I have been reading a lot of just the red letters in my Bible.  I have had a hunger to read the written words of what Jesus said while teaching those around Him about what He asks us to do.   He spoke in parables alot, but for the ones I never quite understood, when Holy Spirit reveals to me what Jesus was talking about in that moment, I can never help but smile ear to ear.  Jesus is fascinating, captivating.   I cant help but sing His name allowed first thing in the morning, while folding laundry, doing my dishes.  When I am happy, Im usually singing randomly throughout the day about Jesus. 

The past week we had a LOT of stuff hit the fan.  Got some terrible news this week, my right eye is kinda funky (seeing an eye doctor on Monday no worries!!), God gave me answers I didnt really like... I have had near tantrum meltdowns... and you know what, I had God in all that... His Spirit was there willing to guide me... willing to show me the way He would like me to handle situations to glorify God and ultimatly really are a lot better for myself.  I failed a lot of tests in patience this week, and I didnt go to God for guidance about 80% of the time.  This week sucked

But after all that woe is me stuff I put on myself, I can almost picture Jesus sitting on the couch, as I sit on the floor tears flowing, drama city...just sitting there so calm and relaxed, sympathetic look on His face but at the same time this look of "oh child you look kinda silly."  And when I look to Him, He has open arms, and is there to just love me and comfort me.  He sits there the whole time, open arms just waiting, with answers and help and comfort.  Its afterwards where Im like "oh Lord I could have come to You first and I wouldnt have felt so angry, upset and like the whole world was crushing in all around. "  or better yet, never leaving His side to even consider doing it on my own!  Really imprinting those red letters in my heart. 

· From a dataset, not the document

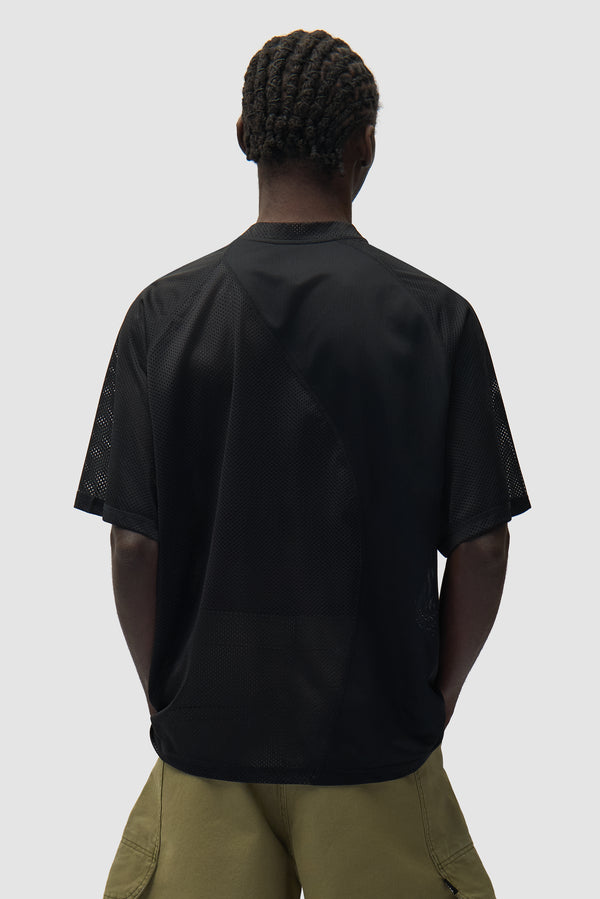 Multi Mesh T-shirt in Black worn by a model, half-body back view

Im redeemed, Im God's child.  That enough should make me always smile!  I want to follow Christ and I strive everyday to do what He has called me, but I feel this past week instead of running even quicker- shifting to ask Holy Spirit for guidance in moments of trouble, I ran and hid instead, or took anger and frustration out on my family and friends.  Christ tells us to follow Him.  Simply put.  He is the way!  To just be filled with His love, and to love and to love Him, to follow His teachings, to set myself apart- this anger, and automatic "oh things are messing up! God's gotta plan but I'll panic anyways" attitude I have... oh that is so what it is (lightbulb just came on)!  I KNOW God's ways are so perfect, I have seen it over and over and over.  His answer to my prayers has always been 100% best.  Putting your trust in Jesus Christ is a sweet deal!  But MAN do I ever fall back into old habits a lot still- instant panic, worry, OCD. 

I pray that God will really work with me on this, to (dare I say it) give me more and more lessons that I need in order to go deeper and deeper in my trust and relationship with Him.  I usually try not to pray for the things like paitience and stuff because I fail them alot, but being totally honest, if love is paitience, and God is Love and God is Holy and God calls us to be Holy because He is Holy, then I need to be paitient, and kind and all those fruits of the Spirit.  So I pray for those things I need to work on.  I pray kinda cringing my face a bit, but the prayer does go out.   God will answer!